# dry aging rib roast



## mendozer (Mar 8, 2017)

Going to place my order hopefully within the next week. Waiting for a few wholesalers to get back to me. I am wanting a 107 since it has the most "stuff" on it. My reasoning is that I'll have less meat wastage from dry aging. But a meat guy today said no matter what even if I use a 109 or 109A I'm going to lose 50%. That doesn't make sense to me. If the 107 has more stuff like chine bones, rib bones, fat, tiny muscles, etc then shouldn't that stuff dry out and my good rib steaks inside be safe?

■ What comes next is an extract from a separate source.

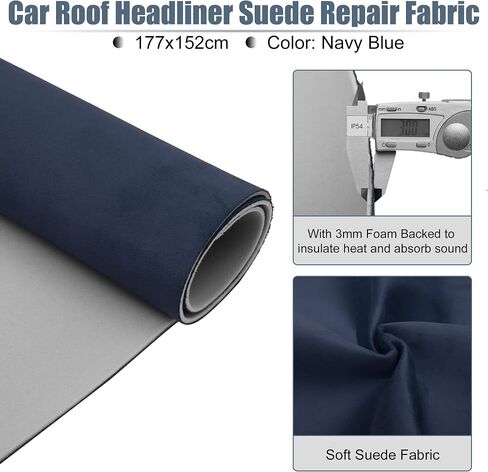 X AUTOHAUX Suede Headliner Fabric 98" Length x 60" Width Foam Backed for Car Truck RV SUV Interior Trim Protect Aging Broken Faded DIY Repair Replacement Black in Saudi Arabia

And what %RH do you all prefer?


----------



## mr t 59874 (Mar 8, 2017)

mendozer said:


> Going to place my order hopefully within the next week. Waiting for a few wholesalers to get back to me. I am wanting a 107 since it has the most "stuff" on it. My reasoning is that I'll have less meat wastage from dry aging. But a meat guy today said no matter what even if I use a 109 or 109A I'm going to lose 50%. That doesn't make sense to me. If the 107 has more stuff like chine bones, rib bones, fat, tiny muscles, etc then shouldn't that stuff dry out and my good rib steaks inside be safe?
> 
> And what %RH do you all prefer?


Don’t understand your numbers, but obviously you do. You can figure 50% weight loss on a 45 day dry aged roast. Better that part of it is bone and fat rather than eating meat.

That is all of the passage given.